Gaming business saw global growth

Revenue from Tencent’s online gaming increased year-on-year, driven primary by paying users in China as well as other international markets. The company’s mobile games had a good year with revenues increasing by 45% year-on-year (YoY). Total smartphone games revenue grew 61% YoY. The company’s most famous offering Honour of Kings exceeded a whopping 100 million daily average users (DAU) in 2020. While the company refused to disclose its revenues from individual markets, it said that the “global game business is truly global”. Aside from the US, Japan and China, its properties such as League of Legends, Supercell, Mini Games, PUBG Mobile, Call of Duty Mobile had performed well in various parts of the world.

  • Other less-known games were also quite successful. For instance, the internally-developed Naruto Mobile became one of the top fighting games in China, the company said. Moonlight Blade Mobile, League of Legends World Wild Rift also saw good success, the company said.

PC gaming stable: On the other hand, PC gaming revenue was stable at $1.82 billion. Increased revenue from League of Legends globally and Valorant in western markets offset decreased revenue from Dungeon & Fighter in China, said Lau. “With respect to key PC games, we continue to view the sector fairly favorably. While the PC game market has not experienced the same revenue growth as the mobile game market, PC games are highly influential. There is plenty of room for IP and product innovation within the PC platform to drive direct revenue contributions or broader platform benefits,” said Lau.

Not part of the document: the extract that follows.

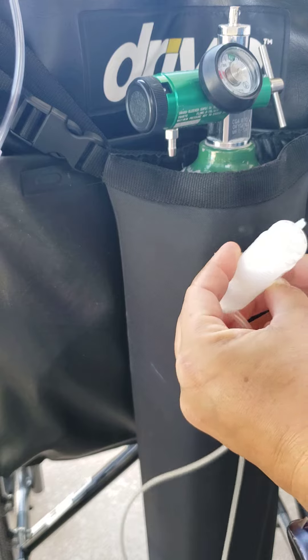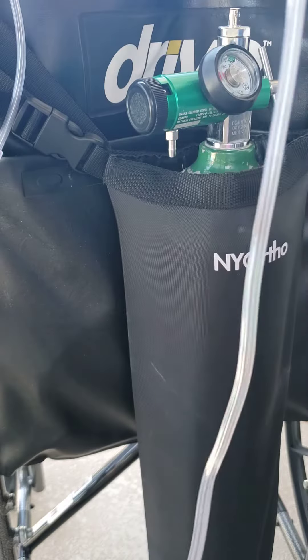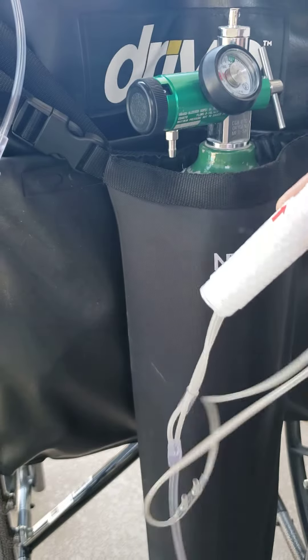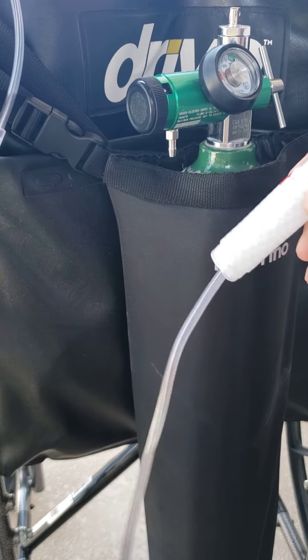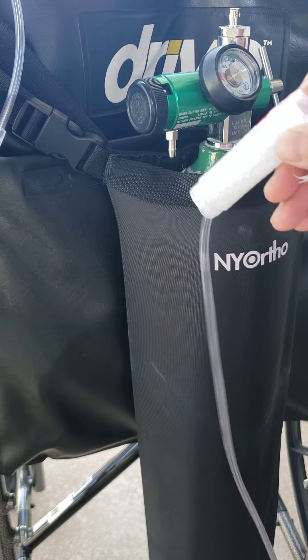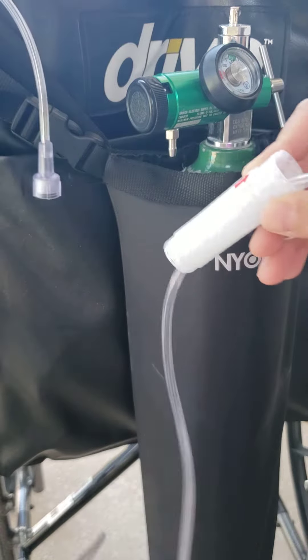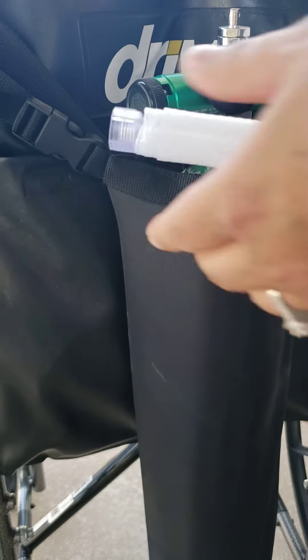So you're threading it here, pull it out, and now I'm just gonna be threading it through this 50-foot line. I pre-untangled my husband's line because otherwise we'd be here forever. But we're just gonna thread it through all the way until we get to this end here.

Debate over distribution channels’ cuts: Concerns about having to pay a large cut of app-based revenues to Android and other distribution channels persist among Tencent investors (a similar discussion is ongoing in India as well). Responding to a question about whether Tencent sees any room for improvement in lowering fees being paid to game distribution channels such as Android, James Mitchell recalled the company’s position that the “the game industry economics were not ideal for the game studios”. He said that in many cases, the distribution channels were capturing a bigger share of the profits than studios themselves.

  • On Tencent’s part, Mitchell said, the company is in the process of negotiating revenue sharing agreements so that it is “more sustainable”. That being said, Mitchell added that Tencent has a “good relationship” with big traditional channels, and it is in a “healthy and sustainable position”.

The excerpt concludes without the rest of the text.